Nonostante molte uscite pubbliche dell’assessore non c’è stato, però, una vera discussione pubblica sul progetto, innanzi tutto per difetti dell’amministrazione, della sua “cultura di governo” e del suo approccio pubblico. Le reazioni di Ligresti paiono per un certo verso più quelle di una persona sorpresa che certe sue esigenze siano state trascurate e non accettate automaticamente, che di uno irritato da scelte precise. Da un certo punto di vista Ligresti si considera (e in parte è) ormai – in difficoltà la Pirelli Real Estate, scomparsi tutti gli immobiliaristi d’assalto con la caduta anche di Luigi Zunino, in ritirata i capitali stranieri – l’unica risorsa disponibile per promuovere nuove grandi iniziative. Se si ragiona sul fatto che alle ultime elezioni municipali, poi, Ligresti contava non solo su un ottimo rapporto con la Moratti ma anche sul candidato della sinistra Bruno Ferrante, che non per nulla dopo il voto diventò manager di una società partecipata dall’“ingegnere”, si ha la misura dello stupore per i fastidi improvvisi che gli è toccato subire (alcune promesse non mantenute o ridimensionate dal pgt, interventi intorno all’ippodromo bloccati, un paio di cascine il cui uso non potrà essere modificato).

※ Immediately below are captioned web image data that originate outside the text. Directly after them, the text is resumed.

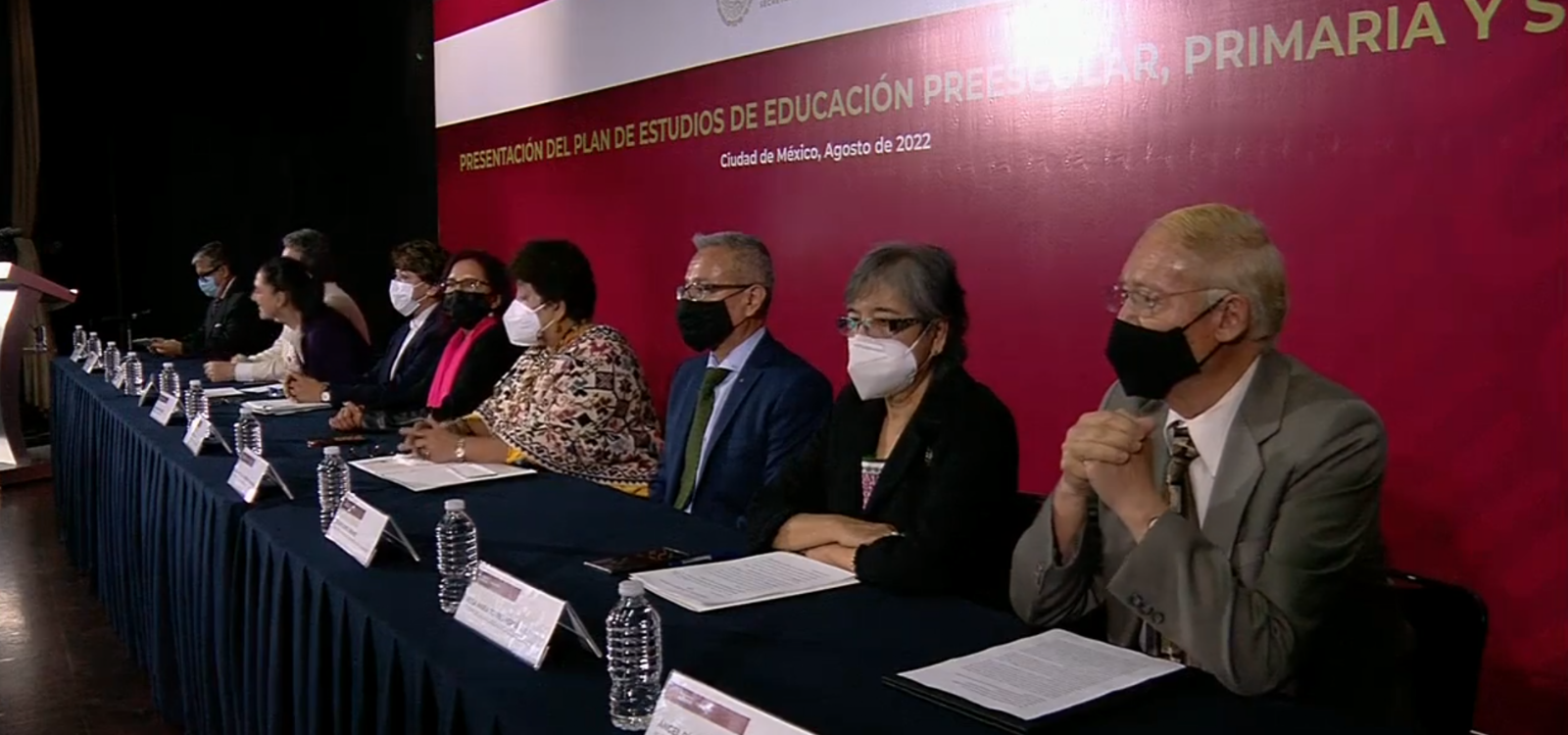La titular actual de la SEP, Delfina Gómez, y quien la sucederá, Leticia Ramírez, están presentes en el evento en la CDMX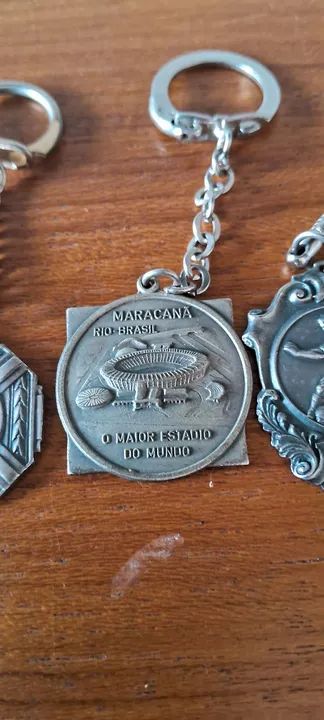  Futebol anos 50/60 Raros Chaveiros Maracanã, Jogador e Escudo - Foto 6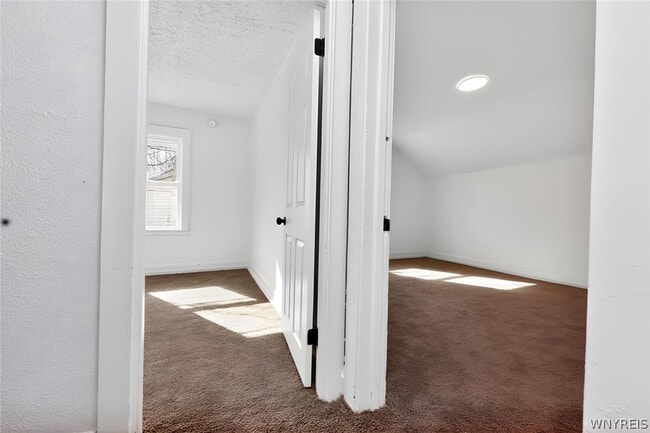 Building Photo - 609 24th St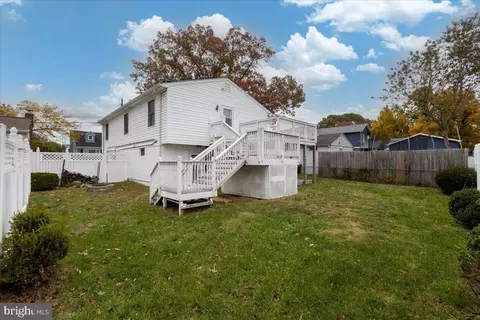 935 8th St, Pasadena, MD 21122 photo 4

Eppure anche l’ingegnere di Paternò si deve rendere conto come Milano sia una città repubblicana che non ammette monarchie: il consenso va costruito con il confronto, non dato per scontato. Negli anni Ottanta l’imprenditore siciliano aveva grande consapevolezza di questa necessità e interloquiva con la mente più brillante dell’urbanistica milanese, Andrea Balzani (ahimé scomparso). Oggi ha trascurato questo impegno. Però non è solo colpa sua. L’ottimo Masseroli ha difficoltà a raccontarsi. Non parliamo dell’impacciata Moratti. La stampa non aiuta a capire. Arrivando a situazioni paradossali come quella della Repubblica che per mesi ha spiegato come Masseroli fosse l’uomo di Ligresti e volesse cementificare Milano. Mentre negli ultimi tempi ha sostenuto che Masseroli è l’uomo del verde, l’unico che può contrastare il cementificatore Ligresti. Il povero Masseroli si è trovato così a passare da oberfuerer delle Ss a capo della Resistenza in un battibaleno. Certo, con una stampa così, capisco che a imprenditori e amministratori passi la voglia di raccontarsi.